The physical cost of the tuple queue is dominated by memcpy, which is
proportional to tuple width. Introduce a width-based scaling factor
so that parallel_tuple_cost represents the cost at a reference width
of 100 bytes, with a 10% fixed floor for irreducible per-tuple queue
synchronization overhead.
For a Gather passing 12-byte partial aggregate tuples, the effective
per-tuple cost drops from 0.1 to ~0.02, which lets the planner choose
parallel plans for aggregation-heavy queries.
Tuples at the reference width (100 bytes) cost the same as before.
---
src/backend/optimizer/path/costsize.c | 20 ++++++++++++--------
src/backend/optimizer/plan/planner.c | 4 +++-
src/include/optimizer/cost.h | 24 ++++++++++++++++++++++++
3 files changed, 39 insertions(+), 9 deletions(-)
diff --git a/src/backend/optimizer/path/costsize.c b/src/backend/optimizer/path/costsize.c
index 1c575e56ff6..695cded910a 100644
--- a/src/backend/optimizer/path/costsize.c
+++ b/src/backend/optimizer/path/costsize.c
@@ -11,7 +11,9 @@
* cpu_tuple_cost Cost of typical CPU time to process a tuple
* cpu_index_tuple_cost Cost of typical CPU time to process an index tuple
* cpu_operator_cost Cost of CPU time to execute an operator or function
- * parallel_tuple_cost Cost of CPU time to pass a tuple from worker to leader backend
+ * parallel_tuple_cost Cost of CPU time to pass a tuple from worker to leader
+ * backend.

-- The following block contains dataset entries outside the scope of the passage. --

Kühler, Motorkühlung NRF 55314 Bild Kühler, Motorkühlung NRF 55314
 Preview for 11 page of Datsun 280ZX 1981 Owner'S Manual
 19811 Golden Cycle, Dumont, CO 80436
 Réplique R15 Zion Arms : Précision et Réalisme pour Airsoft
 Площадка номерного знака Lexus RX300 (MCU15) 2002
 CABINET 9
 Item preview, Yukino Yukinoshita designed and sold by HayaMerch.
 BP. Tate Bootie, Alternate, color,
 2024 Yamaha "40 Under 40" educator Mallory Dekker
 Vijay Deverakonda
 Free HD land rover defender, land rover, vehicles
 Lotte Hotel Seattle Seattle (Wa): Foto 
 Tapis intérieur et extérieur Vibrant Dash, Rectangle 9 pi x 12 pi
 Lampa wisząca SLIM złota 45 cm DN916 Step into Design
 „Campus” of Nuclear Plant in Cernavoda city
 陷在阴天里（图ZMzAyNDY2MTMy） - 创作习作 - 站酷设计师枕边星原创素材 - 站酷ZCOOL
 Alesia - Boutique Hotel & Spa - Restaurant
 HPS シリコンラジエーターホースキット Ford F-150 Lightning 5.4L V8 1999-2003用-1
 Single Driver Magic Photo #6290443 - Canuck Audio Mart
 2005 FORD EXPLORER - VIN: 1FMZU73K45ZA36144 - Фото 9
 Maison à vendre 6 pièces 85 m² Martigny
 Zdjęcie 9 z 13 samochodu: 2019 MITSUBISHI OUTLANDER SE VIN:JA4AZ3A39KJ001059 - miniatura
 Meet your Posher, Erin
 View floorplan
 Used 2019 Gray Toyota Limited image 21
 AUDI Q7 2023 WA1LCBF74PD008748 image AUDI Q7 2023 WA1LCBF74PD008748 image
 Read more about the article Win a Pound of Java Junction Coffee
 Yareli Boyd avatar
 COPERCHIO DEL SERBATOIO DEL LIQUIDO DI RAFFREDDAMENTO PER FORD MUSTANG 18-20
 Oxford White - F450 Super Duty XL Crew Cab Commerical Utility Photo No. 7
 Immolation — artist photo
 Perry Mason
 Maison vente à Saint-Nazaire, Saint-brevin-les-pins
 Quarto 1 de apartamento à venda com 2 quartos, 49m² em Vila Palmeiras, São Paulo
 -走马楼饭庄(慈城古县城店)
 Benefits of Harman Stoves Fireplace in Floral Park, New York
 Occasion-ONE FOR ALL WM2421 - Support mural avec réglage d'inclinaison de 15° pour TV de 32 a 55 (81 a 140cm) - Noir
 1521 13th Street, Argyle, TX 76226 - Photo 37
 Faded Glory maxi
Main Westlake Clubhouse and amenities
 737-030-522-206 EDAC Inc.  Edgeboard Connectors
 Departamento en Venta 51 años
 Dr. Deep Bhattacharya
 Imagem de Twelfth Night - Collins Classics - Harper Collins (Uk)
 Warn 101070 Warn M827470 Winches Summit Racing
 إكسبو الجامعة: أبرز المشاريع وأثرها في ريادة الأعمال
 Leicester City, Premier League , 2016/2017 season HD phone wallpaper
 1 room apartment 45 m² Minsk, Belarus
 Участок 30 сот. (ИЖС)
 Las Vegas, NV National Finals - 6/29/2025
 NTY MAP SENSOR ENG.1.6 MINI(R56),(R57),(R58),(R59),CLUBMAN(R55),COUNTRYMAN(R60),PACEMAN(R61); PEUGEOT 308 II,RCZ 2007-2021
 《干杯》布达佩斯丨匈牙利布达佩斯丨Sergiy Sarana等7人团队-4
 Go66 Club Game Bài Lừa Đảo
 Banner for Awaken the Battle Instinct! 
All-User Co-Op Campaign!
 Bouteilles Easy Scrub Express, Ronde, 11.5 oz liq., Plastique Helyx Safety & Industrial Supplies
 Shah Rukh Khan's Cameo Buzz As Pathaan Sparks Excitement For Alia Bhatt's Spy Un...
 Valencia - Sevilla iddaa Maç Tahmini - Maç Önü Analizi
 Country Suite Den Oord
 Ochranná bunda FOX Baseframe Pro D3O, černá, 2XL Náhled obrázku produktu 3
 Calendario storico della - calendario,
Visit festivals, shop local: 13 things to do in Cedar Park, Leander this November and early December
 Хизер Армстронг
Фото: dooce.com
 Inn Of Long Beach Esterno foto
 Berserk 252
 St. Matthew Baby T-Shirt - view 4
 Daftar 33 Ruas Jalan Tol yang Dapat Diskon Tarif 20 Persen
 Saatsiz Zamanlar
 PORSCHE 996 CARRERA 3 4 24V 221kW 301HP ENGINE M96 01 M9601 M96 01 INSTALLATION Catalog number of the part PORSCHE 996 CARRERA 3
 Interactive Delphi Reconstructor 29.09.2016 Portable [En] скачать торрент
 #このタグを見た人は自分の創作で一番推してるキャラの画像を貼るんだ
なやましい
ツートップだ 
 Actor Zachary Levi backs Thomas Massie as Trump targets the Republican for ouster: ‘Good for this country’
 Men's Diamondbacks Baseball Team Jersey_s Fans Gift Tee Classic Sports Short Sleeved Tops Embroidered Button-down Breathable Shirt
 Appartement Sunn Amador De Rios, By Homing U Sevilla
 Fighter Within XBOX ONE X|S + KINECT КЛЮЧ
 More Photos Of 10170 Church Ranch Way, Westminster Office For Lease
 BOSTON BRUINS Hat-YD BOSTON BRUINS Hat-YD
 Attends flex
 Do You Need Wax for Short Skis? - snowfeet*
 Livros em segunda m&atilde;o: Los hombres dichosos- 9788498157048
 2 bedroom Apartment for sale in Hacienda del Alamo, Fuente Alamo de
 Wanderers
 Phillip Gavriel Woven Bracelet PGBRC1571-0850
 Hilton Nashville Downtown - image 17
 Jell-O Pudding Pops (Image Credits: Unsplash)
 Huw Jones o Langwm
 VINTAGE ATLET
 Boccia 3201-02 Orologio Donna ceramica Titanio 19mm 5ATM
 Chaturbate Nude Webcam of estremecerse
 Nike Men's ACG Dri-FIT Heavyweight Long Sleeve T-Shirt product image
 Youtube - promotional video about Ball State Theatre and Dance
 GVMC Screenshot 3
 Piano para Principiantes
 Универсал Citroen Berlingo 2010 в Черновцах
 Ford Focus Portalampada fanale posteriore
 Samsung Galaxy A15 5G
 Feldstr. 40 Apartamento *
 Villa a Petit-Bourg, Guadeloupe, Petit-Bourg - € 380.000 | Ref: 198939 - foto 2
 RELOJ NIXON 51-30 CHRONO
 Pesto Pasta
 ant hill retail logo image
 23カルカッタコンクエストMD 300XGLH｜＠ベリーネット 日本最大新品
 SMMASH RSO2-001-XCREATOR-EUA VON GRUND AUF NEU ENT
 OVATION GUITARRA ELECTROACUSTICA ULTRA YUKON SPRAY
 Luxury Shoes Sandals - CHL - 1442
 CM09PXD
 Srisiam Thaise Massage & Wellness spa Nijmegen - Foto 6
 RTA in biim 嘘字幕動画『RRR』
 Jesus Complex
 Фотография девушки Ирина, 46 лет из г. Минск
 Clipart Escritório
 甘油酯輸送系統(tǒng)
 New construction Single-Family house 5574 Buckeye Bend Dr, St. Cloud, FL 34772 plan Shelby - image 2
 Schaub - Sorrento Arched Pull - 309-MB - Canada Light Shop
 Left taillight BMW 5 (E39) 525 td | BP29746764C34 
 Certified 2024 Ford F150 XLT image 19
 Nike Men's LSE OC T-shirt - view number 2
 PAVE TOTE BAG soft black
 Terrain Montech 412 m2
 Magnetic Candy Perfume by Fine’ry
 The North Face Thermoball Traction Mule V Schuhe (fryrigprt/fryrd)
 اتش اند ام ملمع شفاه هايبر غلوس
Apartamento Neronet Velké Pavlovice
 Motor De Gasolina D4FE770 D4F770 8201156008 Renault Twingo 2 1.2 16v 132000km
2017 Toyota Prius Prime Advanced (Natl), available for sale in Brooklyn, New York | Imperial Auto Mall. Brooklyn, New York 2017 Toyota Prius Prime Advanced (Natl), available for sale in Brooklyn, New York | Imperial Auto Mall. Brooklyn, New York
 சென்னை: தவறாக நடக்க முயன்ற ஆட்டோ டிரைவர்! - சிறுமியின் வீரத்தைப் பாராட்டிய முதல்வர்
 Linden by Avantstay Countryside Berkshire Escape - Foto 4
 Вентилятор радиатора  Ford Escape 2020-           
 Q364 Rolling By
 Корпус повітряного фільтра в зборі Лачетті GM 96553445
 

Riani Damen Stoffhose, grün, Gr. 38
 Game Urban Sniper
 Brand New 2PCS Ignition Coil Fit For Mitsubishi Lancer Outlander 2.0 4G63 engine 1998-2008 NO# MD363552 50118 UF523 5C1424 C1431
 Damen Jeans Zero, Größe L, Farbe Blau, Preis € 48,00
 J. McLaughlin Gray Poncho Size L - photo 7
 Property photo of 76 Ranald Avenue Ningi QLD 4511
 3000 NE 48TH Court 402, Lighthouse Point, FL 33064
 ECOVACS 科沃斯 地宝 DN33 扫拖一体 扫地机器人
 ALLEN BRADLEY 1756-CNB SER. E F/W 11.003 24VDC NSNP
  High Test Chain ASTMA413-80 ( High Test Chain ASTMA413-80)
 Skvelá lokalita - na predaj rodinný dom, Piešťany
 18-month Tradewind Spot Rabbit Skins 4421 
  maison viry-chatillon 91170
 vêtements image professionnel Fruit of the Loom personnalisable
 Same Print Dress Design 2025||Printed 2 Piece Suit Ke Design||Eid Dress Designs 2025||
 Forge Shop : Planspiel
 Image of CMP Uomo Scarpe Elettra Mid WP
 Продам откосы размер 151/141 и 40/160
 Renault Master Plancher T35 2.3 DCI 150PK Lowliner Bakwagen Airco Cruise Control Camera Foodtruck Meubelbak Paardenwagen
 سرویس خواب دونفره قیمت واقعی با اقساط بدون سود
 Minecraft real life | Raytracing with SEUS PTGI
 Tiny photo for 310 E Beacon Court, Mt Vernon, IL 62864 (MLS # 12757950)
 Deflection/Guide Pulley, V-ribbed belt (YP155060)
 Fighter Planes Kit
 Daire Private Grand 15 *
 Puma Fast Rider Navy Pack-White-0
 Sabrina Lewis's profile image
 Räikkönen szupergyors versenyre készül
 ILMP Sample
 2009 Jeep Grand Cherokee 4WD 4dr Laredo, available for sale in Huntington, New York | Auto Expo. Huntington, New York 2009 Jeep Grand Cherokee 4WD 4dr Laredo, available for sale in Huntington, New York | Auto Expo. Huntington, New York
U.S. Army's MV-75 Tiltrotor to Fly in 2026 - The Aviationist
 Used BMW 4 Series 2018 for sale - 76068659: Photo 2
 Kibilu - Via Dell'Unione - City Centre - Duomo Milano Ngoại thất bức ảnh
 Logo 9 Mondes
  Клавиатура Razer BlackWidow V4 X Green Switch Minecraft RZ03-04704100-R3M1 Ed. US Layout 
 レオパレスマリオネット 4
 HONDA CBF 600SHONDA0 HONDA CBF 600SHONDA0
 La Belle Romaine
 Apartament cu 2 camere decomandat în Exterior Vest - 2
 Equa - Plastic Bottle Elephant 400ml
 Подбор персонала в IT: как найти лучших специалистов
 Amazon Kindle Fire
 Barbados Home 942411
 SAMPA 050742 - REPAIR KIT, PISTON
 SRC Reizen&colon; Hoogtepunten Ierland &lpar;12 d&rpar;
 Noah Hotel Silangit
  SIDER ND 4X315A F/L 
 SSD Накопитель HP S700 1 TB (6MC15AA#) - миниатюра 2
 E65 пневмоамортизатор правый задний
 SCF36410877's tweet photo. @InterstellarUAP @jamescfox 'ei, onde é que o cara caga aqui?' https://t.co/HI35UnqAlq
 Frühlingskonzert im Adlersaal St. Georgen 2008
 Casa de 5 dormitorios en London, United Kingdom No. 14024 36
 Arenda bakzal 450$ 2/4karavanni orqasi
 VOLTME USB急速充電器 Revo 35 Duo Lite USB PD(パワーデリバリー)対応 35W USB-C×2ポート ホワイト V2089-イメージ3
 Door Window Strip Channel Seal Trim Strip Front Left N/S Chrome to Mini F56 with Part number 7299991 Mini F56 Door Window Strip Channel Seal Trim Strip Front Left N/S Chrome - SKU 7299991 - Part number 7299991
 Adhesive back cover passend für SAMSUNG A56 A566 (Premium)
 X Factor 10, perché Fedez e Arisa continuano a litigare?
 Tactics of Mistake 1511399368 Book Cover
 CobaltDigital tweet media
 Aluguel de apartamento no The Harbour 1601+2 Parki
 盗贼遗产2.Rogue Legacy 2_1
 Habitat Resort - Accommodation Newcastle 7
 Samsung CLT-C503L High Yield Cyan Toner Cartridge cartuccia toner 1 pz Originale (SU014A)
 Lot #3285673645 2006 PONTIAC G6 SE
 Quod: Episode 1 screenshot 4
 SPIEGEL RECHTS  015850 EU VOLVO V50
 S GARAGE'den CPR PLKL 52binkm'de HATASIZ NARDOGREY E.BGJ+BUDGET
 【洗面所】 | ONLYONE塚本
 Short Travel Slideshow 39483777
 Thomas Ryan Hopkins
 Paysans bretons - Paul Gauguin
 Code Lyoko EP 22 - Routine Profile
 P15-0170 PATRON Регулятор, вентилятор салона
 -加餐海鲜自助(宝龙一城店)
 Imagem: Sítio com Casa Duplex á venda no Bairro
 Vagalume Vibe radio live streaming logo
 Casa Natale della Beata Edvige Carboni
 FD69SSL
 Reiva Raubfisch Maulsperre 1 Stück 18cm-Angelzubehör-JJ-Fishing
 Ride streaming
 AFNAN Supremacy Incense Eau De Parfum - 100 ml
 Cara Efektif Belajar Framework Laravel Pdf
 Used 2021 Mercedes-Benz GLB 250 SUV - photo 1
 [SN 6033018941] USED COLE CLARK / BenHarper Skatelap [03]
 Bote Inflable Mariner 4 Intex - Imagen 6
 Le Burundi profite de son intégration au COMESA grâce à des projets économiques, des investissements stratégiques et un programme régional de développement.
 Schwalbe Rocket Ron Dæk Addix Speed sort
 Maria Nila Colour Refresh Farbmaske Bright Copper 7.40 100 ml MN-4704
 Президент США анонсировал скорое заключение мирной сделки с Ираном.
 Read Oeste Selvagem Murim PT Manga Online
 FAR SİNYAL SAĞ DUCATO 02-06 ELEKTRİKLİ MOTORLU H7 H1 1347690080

Scaled by tuple width relative to a reference
+ * width (see width_adjusted_parallel_tuple_cost).
* parallel_setup_cost Cost of setting up shared memory for parallelism
*
* We expect that the kernel will typically do some amount of read-ahead
@@ -446,9 +448,10 @@ cost_gather(GatherPath *path, PlannerInfo *root,
run_cost = path->subpath->total_cost - path->subpath->startup_cost;
- /* Parallel setup and communication cost. */
+ /* Parallel setup and communication cost, scaled by tuple width. */
startup_cost += parallel_setup_cost;
- run_cost += parallel_tuple_cost * path->path.rows;
+ run_cost += width_adjusted_parallel_tuple_cost(path->path.pathtarget->width) *
+ path->path.rows;
path->path.disabled_nodes = path->subpath->disabled_nodes
+ ((rel->pgs_mask & PGS_GATHER) != 0 ? 0 : 1);
@@ -509,13 +512,14 @@ cost_gather_merge(GatherMergePath *path, PlannerInfo *root,
run_cost += cpu_operator_cost * path->path.rows;
/*
- * Parallel setup and communication cost. Since Gather Merge, unlike
- * Gather, requires us to block until a tuple is available from every
- * worker, we bump the IPC cost up a little bit as compared with Gather.
- * For lack of a better idea, charge an extra 5%.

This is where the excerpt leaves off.